=== Section Start ===

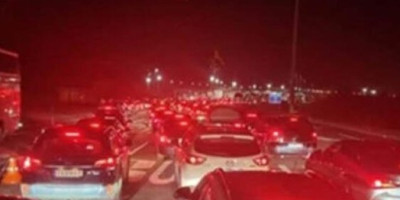 Na teretnim terminalima nekih graničnih prelaza sa Srbijom formirale su se kolone vozila.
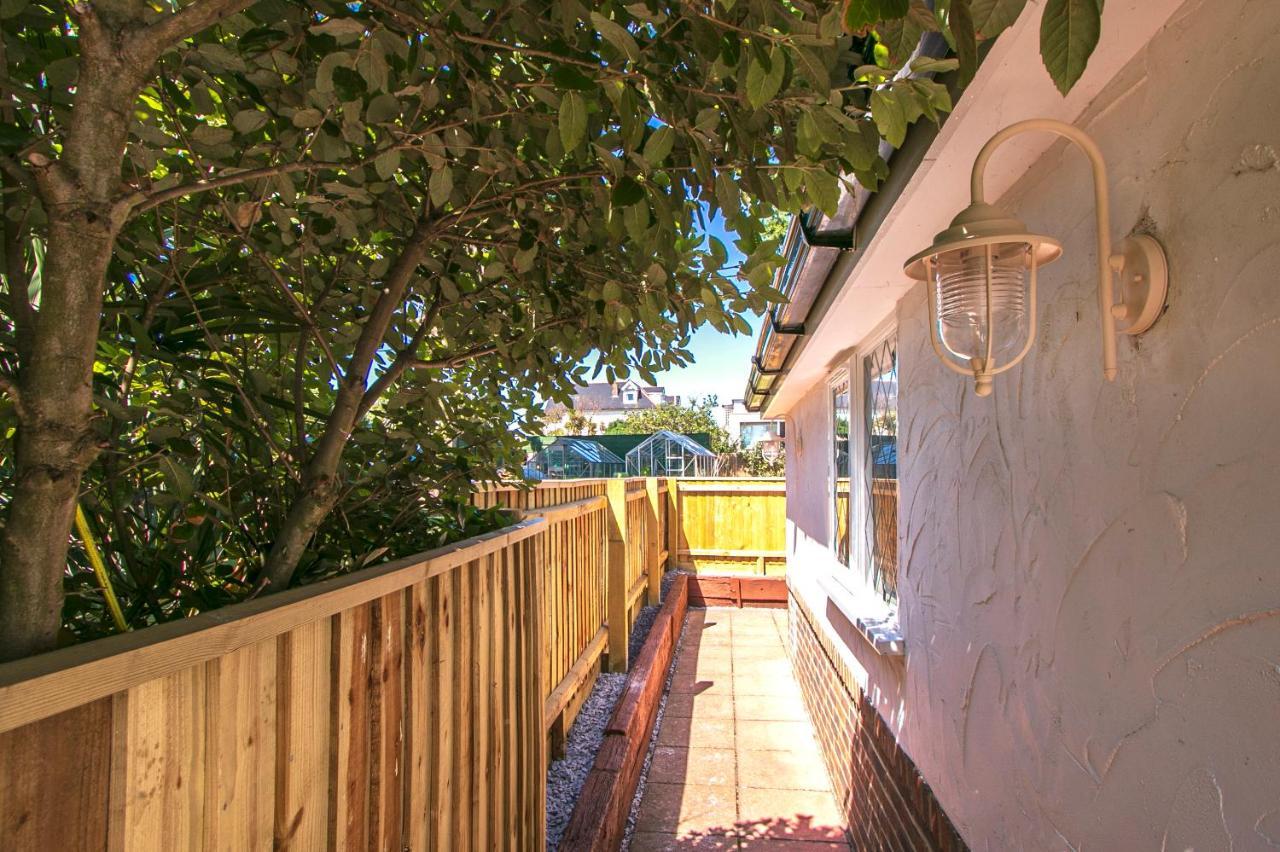 The Annex - Unparalleled Beach Front Luxury Accommodation - Private South West Facing Patio Area - Pet Friendly - Sky - Netflix - Super Fast Wi-Fi - Stones Throw To The Beach 본머스 외부 사진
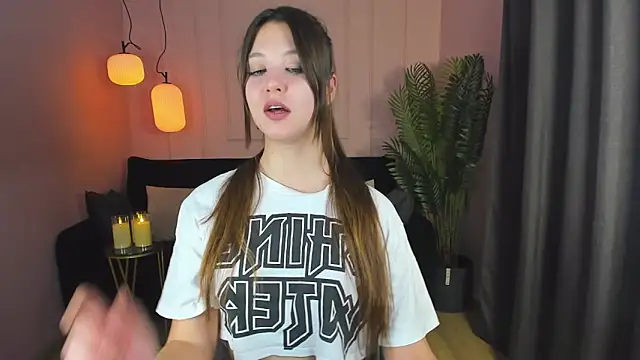 Snapshot of ElizaMild chatting on 12/15/24, 04:48 ElizaMild online show from 12/15/24, 04:48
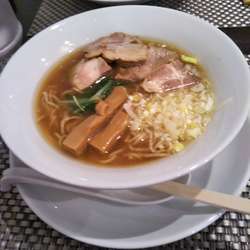 数量限定　ゴロゴロチャーシュー麺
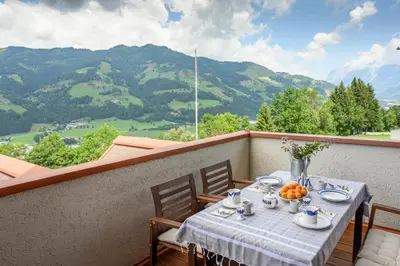 Ein allgemeiner Bergblick oder ein Berglick von der Ferienwohnung aus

=== Section End ===

EXERCISE OBJECTIVE —
Transcribe exactly the lines that run from the first line of the records above through the line with "The Annex - Unparalleled", and include both of those lines; pictures stay out.

WRITTEN RESPONSE —
 Na teretnim terminalima nekih graničnih prelaza sa Srbijom formirale su se kolone vozila.
 The Annex - Unparalleled Beach Front Luxury Accommodation - Private South West Facing Patio Area - Pet Friendly - Sky - Netflix - Super Fast Wi-Fi - Stones Throw To The Beach 본머스 외부 사진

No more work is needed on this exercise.